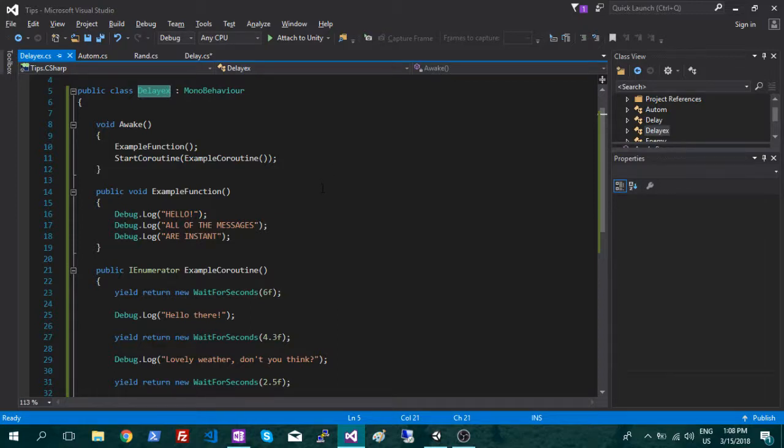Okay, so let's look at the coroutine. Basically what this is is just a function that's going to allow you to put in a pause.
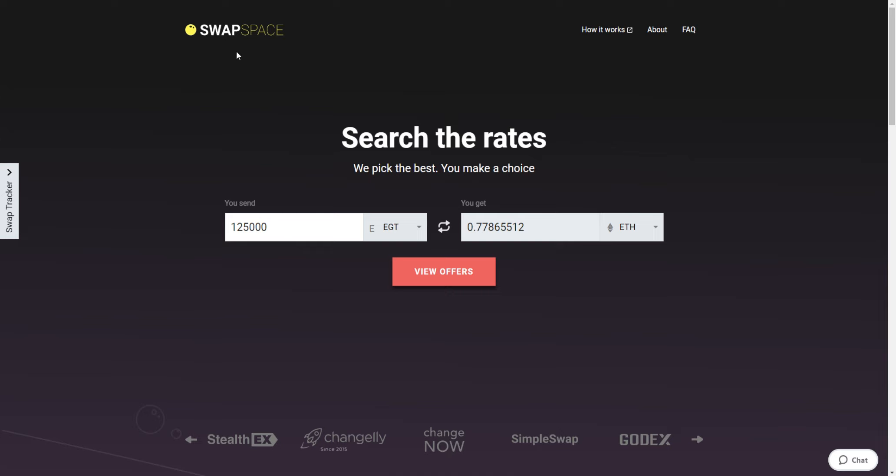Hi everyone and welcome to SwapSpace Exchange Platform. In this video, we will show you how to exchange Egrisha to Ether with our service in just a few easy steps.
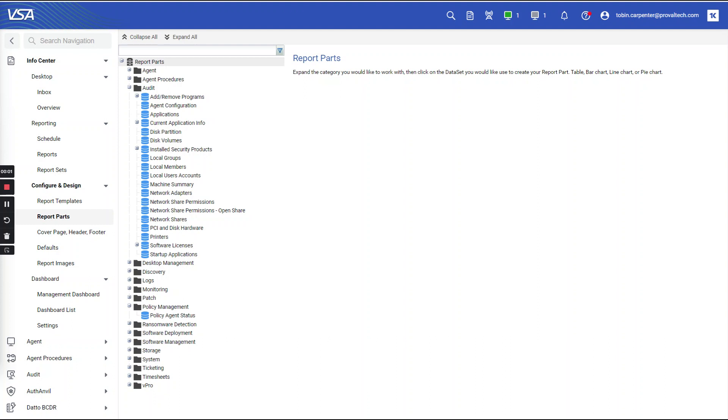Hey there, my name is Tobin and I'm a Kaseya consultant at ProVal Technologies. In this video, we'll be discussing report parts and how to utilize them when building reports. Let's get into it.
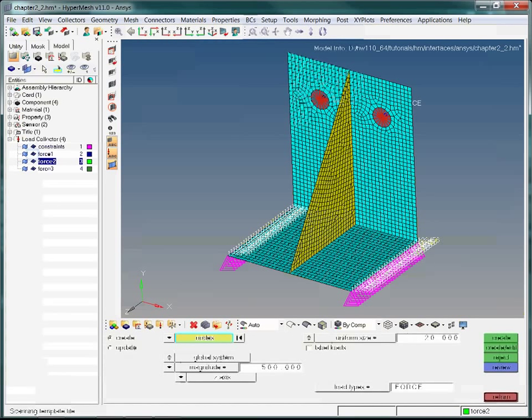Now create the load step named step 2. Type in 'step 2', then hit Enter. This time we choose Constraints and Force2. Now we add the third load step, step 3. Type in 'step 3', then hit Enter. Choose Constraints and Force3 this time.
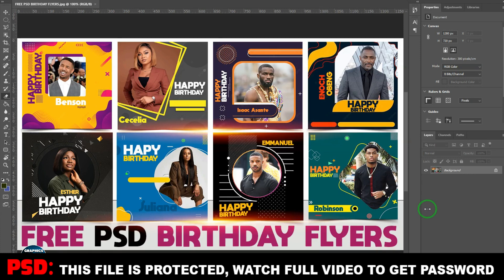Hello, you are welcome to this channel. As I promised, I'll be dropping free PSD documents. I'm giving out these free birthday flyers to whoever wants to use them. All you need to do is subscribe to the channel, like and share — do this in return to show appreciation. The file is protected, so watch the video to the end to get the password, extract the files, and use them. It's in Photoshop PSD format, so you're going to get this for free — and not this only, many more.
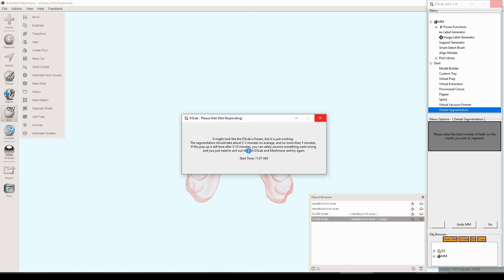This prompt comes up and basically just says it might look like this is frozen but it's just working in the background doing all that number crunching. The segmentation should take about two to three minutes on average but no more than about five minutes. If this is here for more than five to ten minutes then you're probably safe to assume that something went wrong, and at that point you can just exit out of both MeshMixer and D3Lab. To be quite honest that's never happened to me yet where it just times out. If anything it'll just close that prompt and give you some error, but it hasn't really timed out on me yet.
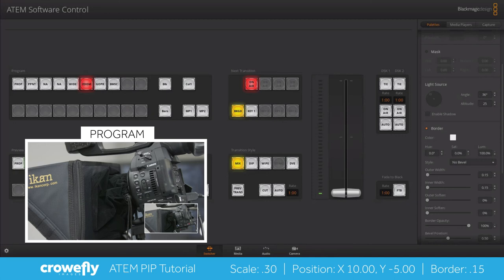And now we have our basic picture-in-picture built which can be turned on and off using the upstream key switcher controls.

=-=-=-=-=

Work required: Starting from the first line of the entries above, print each line exactly until the line containing "Hi everyone and" has been printed, and skip the pictures.

Written solution:
Okay, so let's look at the coroutine. Basically what this is is just a function that's going to allow you to put in a pause.
Hi everyone and welcome to SwapSpace Exchange Platform. In this video, we will show you how to exchange Egrisha to Ether with our service in just a few easy steps.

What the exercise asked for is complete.